Democrats in both houses of Congress have pledged to put a final version of the rules on President Barack Obama's desk within weeks, a signal to financial firms that they are running their last lap on a well-worn -- and immensely profitable -- track.
Baring major changes, Wall Street will soon be contending with a potentially powerful consumer protection agency and banks will be forced to wall off, or even sell off, some of their most profitable divisions.
According to analysts at Bank of America-Merrill Lynch, the reforms could lower the sector's profits by as much as 20 percent.
Banks have bristled at two proposals in particular: new "proprietary trading" rules that would bar deposit-holding institutions from making bets for their own gain, and rules that would force the trade of complex financial instruments called derivatives on open exchanges.
Curbs on "prop trading" went into effect after the Great Depression. In 1933, the Glass-Steagall Act prohibited commercial banks from underwriting corporate securities, or acting as brokerages, but it was undone in 1999.

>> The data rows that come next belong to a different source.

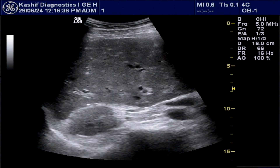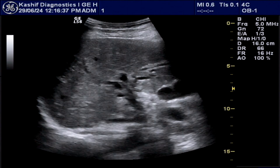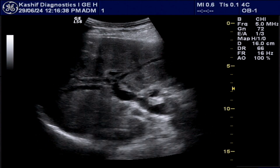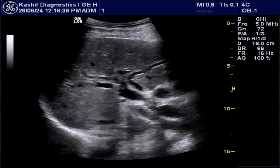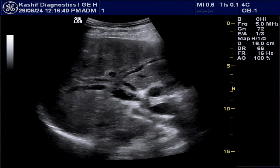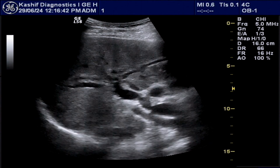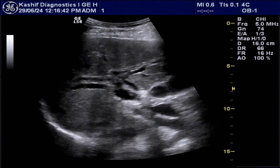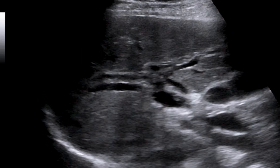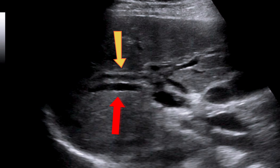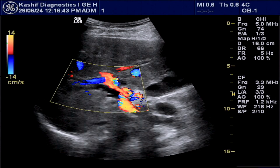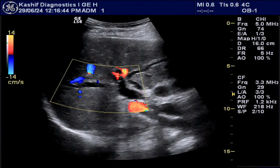This is the liver. As we see, liver echo density, texture, and surface is normal. But what are these tubular structures in the liver? The anterior one is the portal vein, and the posterior one is the dilated intra-hepatic biliary ducts.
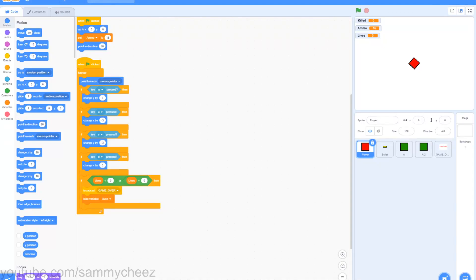What's up guys, it's Sammy Cheese here back with another video. On today's video I'll be showing you guys how to make a shooter game in Scratch. This is part 2 of a series, so if you missed part 1, check the top right corner of your screen and you'll see a little info card with part 1. Part 2 will include multiple waves, multiple guns, and much more. Let's get started.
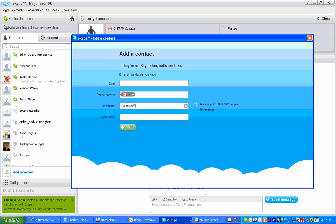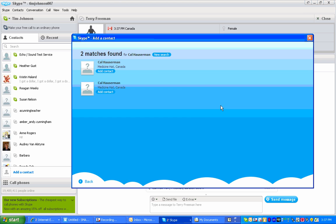If I type in Cal Hauserman's name, it's now going to do a search and it says two matches found. I'll click view and notice that Cal then has two contacts.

"Potential restrictions on proprietary and derivatives trading are likely to have the most significant effect on the investment banks," said Matthew Albrecht of Standard and Poor's, a ratings agency. "(They) could cause a measurable decrease in revenues and earnings over the next few years."

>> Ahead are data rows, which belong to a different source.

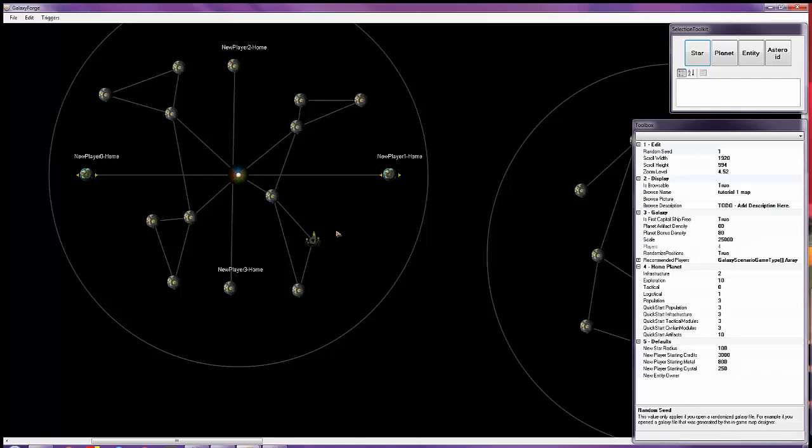Hello everyone, today we're going to talk about increasing your pirate base's difficulty on your map.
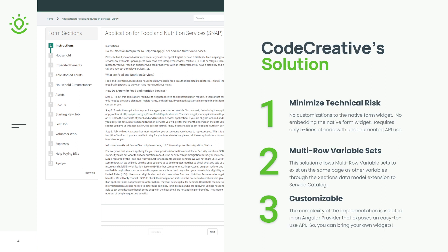So why Code Creative's solution? Well, first of all, it minimizes the technical risk. So many of the other solutions that have been done before, some of which I've put out there myself, has a lot of technical risk involved in them. There's a lot of non-standard function calls.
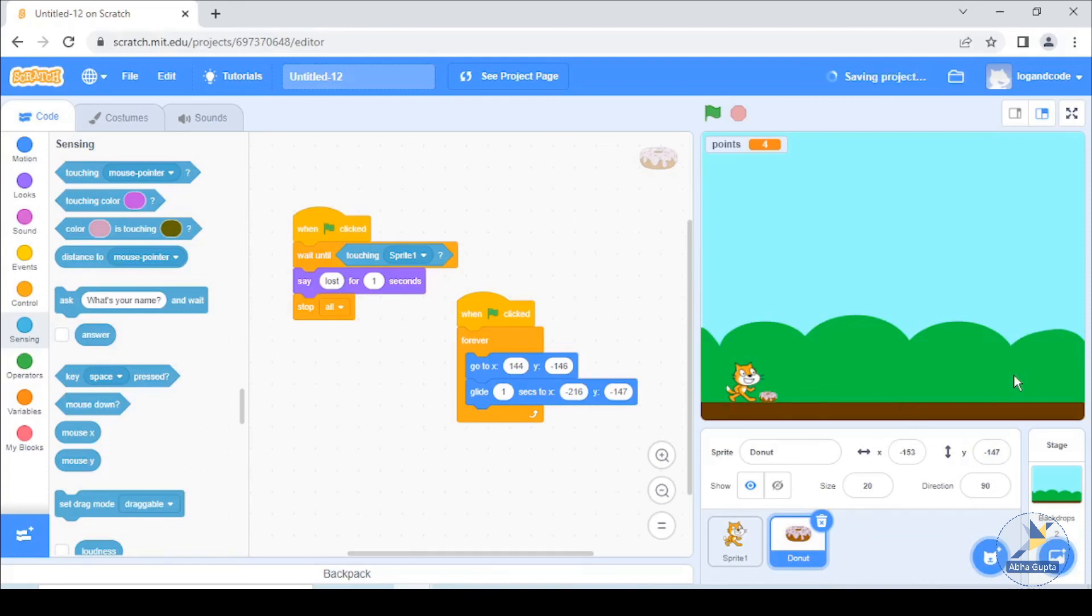So this is our simple jumping game. Hope you found it exciting, stay tuned and see you next time.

Critics say the measures will make markets less efficient, and so push up the cost of borrowing for ordinary Americans.
"Requiring banks to push out their derivatives businesses and limiting their ability to hedge their own risk exposures... will ultimately hurt consumers through higher mortgage and credit costs," said Tim Ryan, head of the Securities Industry and Financial Markets Association.
Some critics say the measures could suck two trillion dollars in credit out of the economy.
With the stakes so high, Wall Street is not going down without a fight.
Defiant US business groups on Friday indicated the Senate vote would simply signal a new round in a long drawn-out political punch up.
"It is a missed opportunity to bring the right reforms to our financial system" said David Hirschmann of the US Chamber of Commerce said of the Senate vote, hinting that the powerful lobby group may take legal action.
"The chamber is always engaged in the battle of ideas, at the legislative phase, in the regulatory phase and -- if absolutely all else fails -- then in the litigation stage." Their weight is likely to be felt.
The Chamber of Commerce, while publicly supporting reform efforts, has spent three million dollars in lobbying to shape its outcome.
According to the Center for Public Integrity "some 850 banks, hedge funds, business groups, and other interests hired 3,000-plus lobbyists and spent at least 1.3 billion dollars to influence financial regulatory reform."